Wall Street is overwhelmingly bearish on Snap
Social media name Snap Inc (NYSE:SNAP) received some rare upbeat attention from the analyst community this morning. Citigroup upgraded its opinion on the security to "neutral" from "sell" and lifted its price target to $7 from $6, listing a number of potential positives for the company. To be more specific, Citi is expecting a new version of the Snapchat app for Android to come out soon, and also sees strong advertising growth going forward.
Most of Wall Street is seemingly negative on SNAP. There are 23 brokerage firms in coverage, and just two recommend buying the shares. Moreover, seven have "strong sell" recommendations. The average 12-month price target, meanwhile, is $7.84. With Snap last seen at $6.39, up 1.7% today, that represents a a nearly 23% premium to current levels.
Even with the stock grinding higher today, it remains below the 80-day moving average, a trendline that's sitting right above the current price and hasn't been topped since mid-August. The shares bottomed at $4.82 on Dec. 21.
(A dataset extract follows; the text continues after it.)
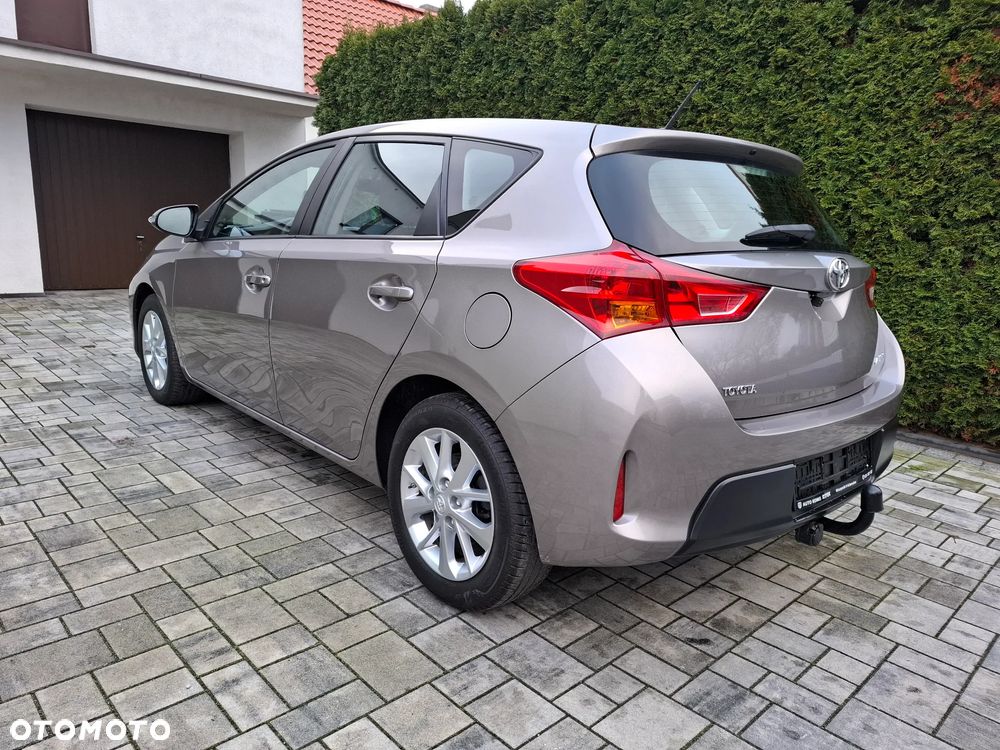 Toyota Auris 1.33 VVT-i - 5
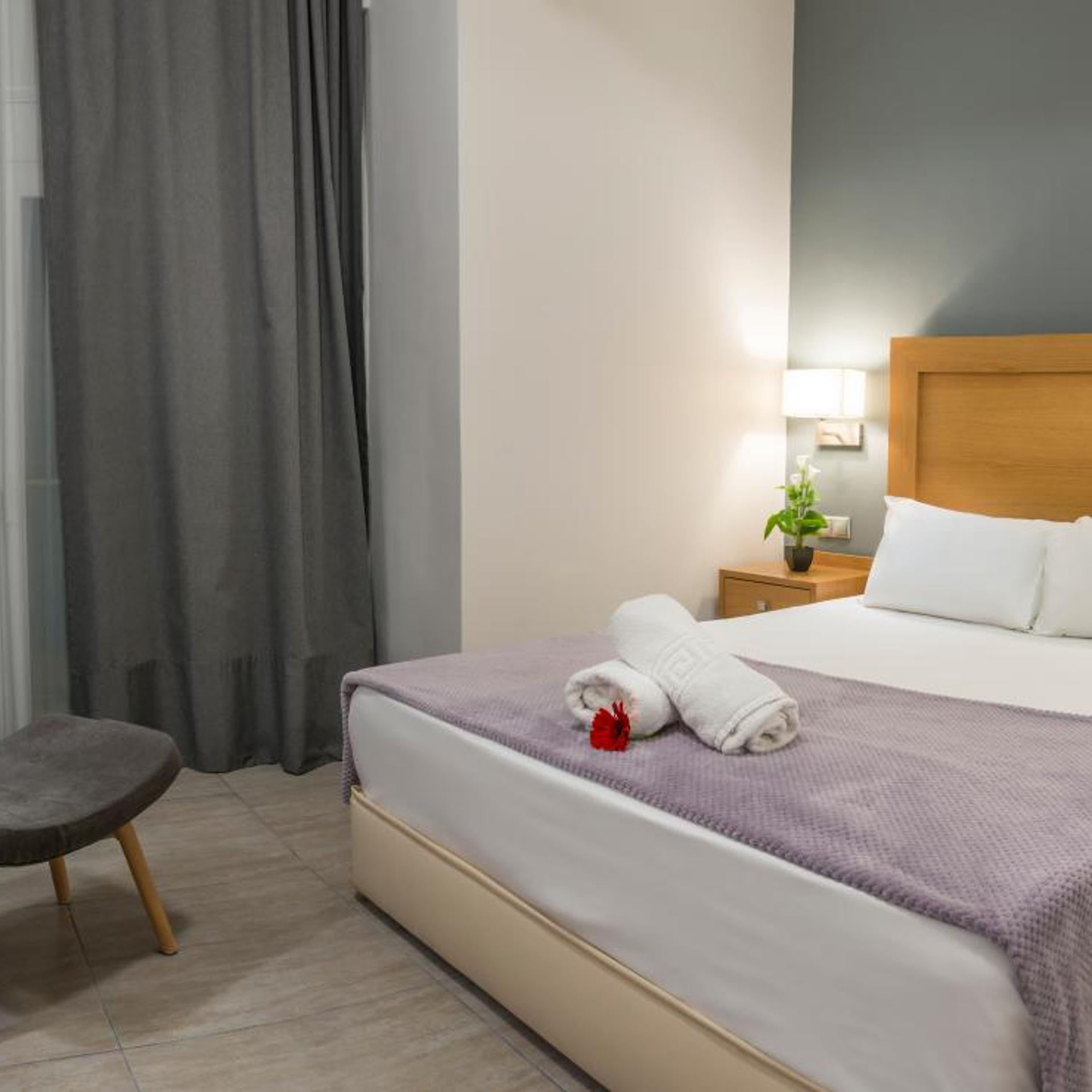 Room, Double or Twin Bed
Short sellers have taken action amid the equity's downtrend. Short interest represents 17.4% of the float, and going by average daily trading volume, it would take these bears more than seven sessions to cover. In a similar vein, put buying has picked up in recent weeks, according to Snap's 10-day put/call volume ratio of 0.94 at the International Securities Exchange (ISE), Chicago Board Options Exchange (CBOE), and NASDAQ OMX PHLX (PHLX), which ranks in the 76th annual percentile.